Eenmaal in Palermo, blijken we midden in de stad te logeren. Als de balkondeuren openstaan boven de terrassen in onze straat is het alsof ons bed in een restaurant staat en ik denk aan een paardje op Prinsjesdag.
Als je in Palermo een willekeurige straathoek omslaat, kun je een vuilnisbelt treffen of een palazzo, een kapotte flat of een kathedraal, het is niet te voorspellen. Ik probeer het een paar keer, maar als ik zeker weet vuilnis te zullen zien, tref ik het populairste terras van de stad en andersom. Hoe kleedt men zich daarop? Zoals alle dames in Italië: goed. Ook mijn hakken worden elke dag iets hoger. Ik moet oefenen, ik ben een paardje op Prinsjesdag. Overdressed zijn is geen probleem. Op elke hoek kan immers iets prachtigs verschijnen, en dan wen je er maar aan om ook in je mooiste jurk de vuilniszakken te omzeilen, je aan de arm van je lief vast te klampen en bevallig over een modderplas te stappen. Dit alles in rustig tempo, het is immers te warm om je te haasten en je hakken zijn er te hoog voor.
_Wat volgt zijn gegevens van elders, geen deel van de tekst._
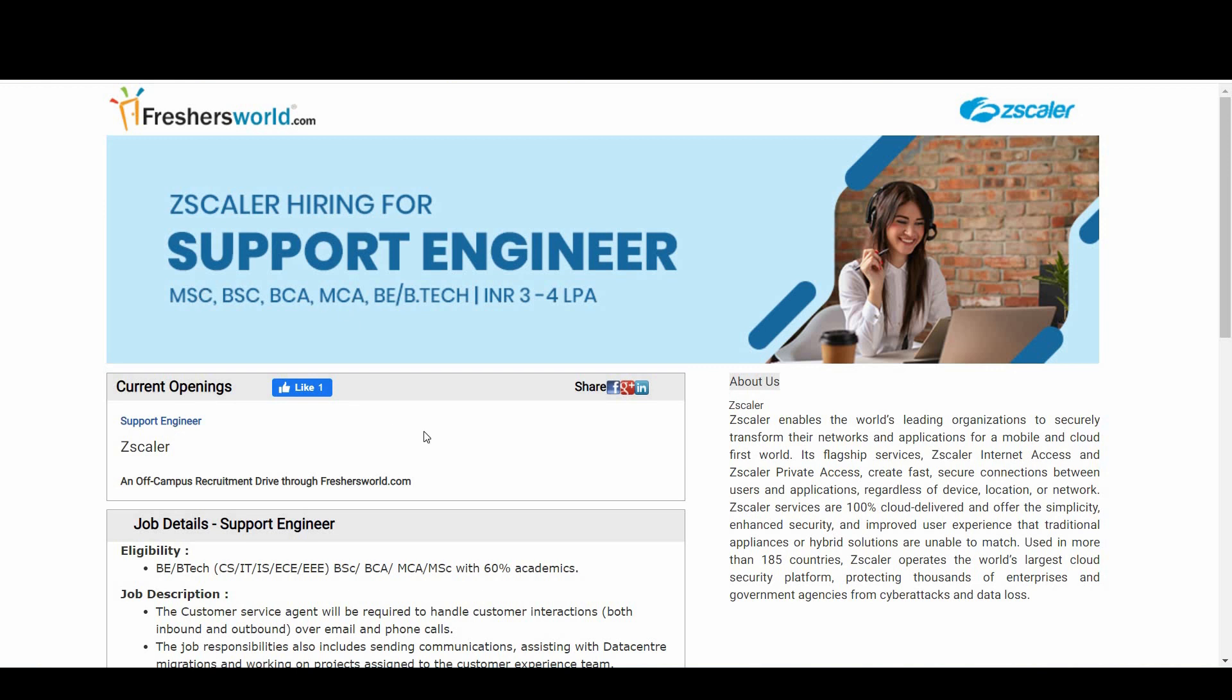B.Tech, CS, IT, IS, ECE, EEE and BSE candidates, BCA candidates, MCA, MSC candidates, 60% throughout in their academics are all eligible for this notification.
Het ene moment hoor je andere dameshakken naast je op de straatstenen tikken, het andere moment het geratel van een kapotte boodschappenwagen met ouwe troep.
De eerste dagen voel ik me vooral het paardje dat oefent, het paardje dat zich voorbereidt op eventuele rellen en onrust. Ook ik houd mijn oogkleppen op en kijk niet te veel om me heen, probeer de vele indrukken te beperken. Ik zou haast vergeten dat Prinsjesdag iets feestelijks is. Dat het over het algemeen wel meevalt met die rellen en dat vuurwerk. Er wordt vooral geklapt en gewuifd. Dat kan het paardje best hebben.
Op een van de laatste dagen lopen we een donker steegje in en rent er een groep jongetjes gillend op ons af. Ze lijken niet af te gaan remmen en ook niet op te letten, zonder vaart te verminderen rennen ze rakelings langs ons heen. Het is alsof ik in zee sta, en de jongens een golf zijn die je lachend over je heen laat komen.